With these results in mind, what position do you think the RCGP should adopt on the legalisation of assisted dying?”

The responses were as follows:

A full breakdown of results is available on request.

Notes:

A change in the law on assisted dying is overwhelmingly supported by the general public, as evidenced by polls over the last three decades. A poll of more than 5,000 people conducted in 2019 found 84% of the British public want to see the legalisation of assisted dying for terminally ill, mentally competent adults.

Healthcare professionals

The Royal College of GPs announced on 21 February 2020 that it will maintain its opposition to assisted dying, despite a dramatic shift in views from its 2013 poll. When it launched the survey in October 2019, the RCGP told its members it would provide the weighted and unweighted results for the RCGP Council to consider. Weighting the data ensures that the survey results are representative of the whole membership of the RCGP, even if a particular group/s replied to the survey in greater numbers than others. However, when the announcement was made on 21 February, only the unweighted results of one question of nine were released publicly.

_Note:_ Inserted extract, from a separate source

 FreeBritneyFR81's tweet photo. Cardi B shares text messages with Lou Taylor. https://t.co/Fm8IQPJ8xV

It is not clear whether the Council had sight of the full, weighted results when voting to maintain the RCGP’s opposition to a change in the law on assisted dying. The RCGP Council was later petitioned by over 5000 doctors, patients and concerned citizens to publish the full, weighted data, which it has now done – several weeks after the initial announcement was made.

The British Medical Association conducted its first ever membership survey on assisted dying in February 2020, the results of which are due to be published later this year. Its current position (opposed to a change in the law) is also due to de debated at their next Annual Representative Meeting in 2021.

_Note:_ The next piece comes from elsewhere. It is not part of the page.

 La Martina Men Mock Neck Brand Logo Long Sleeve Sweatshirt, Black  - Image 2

In March 2019, the Royal College of Physicians dropped its longstanding opposition to assisted dying in favour of neutrality following a member survey.

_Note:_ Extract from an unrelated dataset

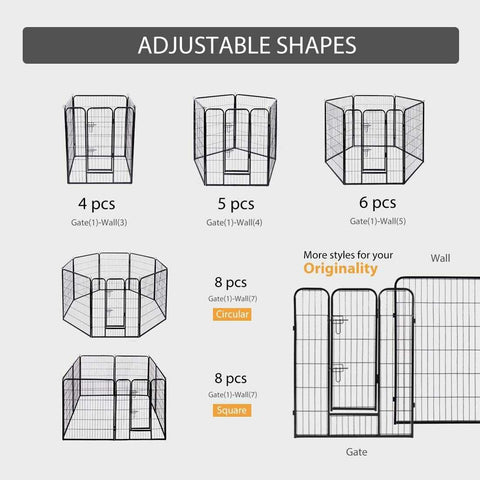 VH Foldable Metal Exercise Pet Fence Barrier Playpen Kennel 8 Panels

Assisted dying proposals in the British Isles and Crown Dependencies

A Westminster Hall debate on assisted dying took place on 23 January 2020, in which a majority of speakers backed growing calls from across society for an inquiry into the UK’s current laws on assisted dying. The functioning and impact of the current law was debated at a backbench business committee debate in July 2019. Proposals for assisted dying legislation were last debated in the Commons in September 2015.

The Government of Jersey announced in February 2020 that it would launch a Citizen’s Jury on assisted dying, which will give recommendations to the States Assembly ahead of a debate at the end of this year. In 2019 the Government of Jersey announced that it would undertake detailed research into the views of residents, overseas developments and potential legislation.

The Isle of Man’s Parliament, Tynwald, debated assisted dying at its January sitting on 22 January 2020. It last debated legislation in 2015.

The Legislative Assembly of the Falkland Islands voted in favour of two motions on assisted dying in July 2018 (that terminally ill residents should have the right to die at a time and place of their choosing, and that should legislation be introduced in the UK, the Falkland Islands would consider adopting it).

The States of Guernsey last debated assisted dying proposals in May 2018.

International developments

Assisted dying as an option for terminally ill, mentally competent adults in their final months of life is legal in ten US jurisdictions: Oregon (1997), Washington, Vermont, Montana, the District of Columbia, California, Colorado, Hawaii, New Jersey and Maine (June 2019).

Victoria became the first Australian state to legalise assisted dying for terminally ill people in June 2019. Western Australia voted to legalise a similar bill in December 2019. The health committee of the Government of Queensland published a report in March 2020 recommending that legislation enabling terminally ill citizens the option of assisted dying be introduced, the result of a year-long investigation.

New Zealand will put an End of Life Choice Bill to a public referendum in October, after legislation passed third reading in November 2019.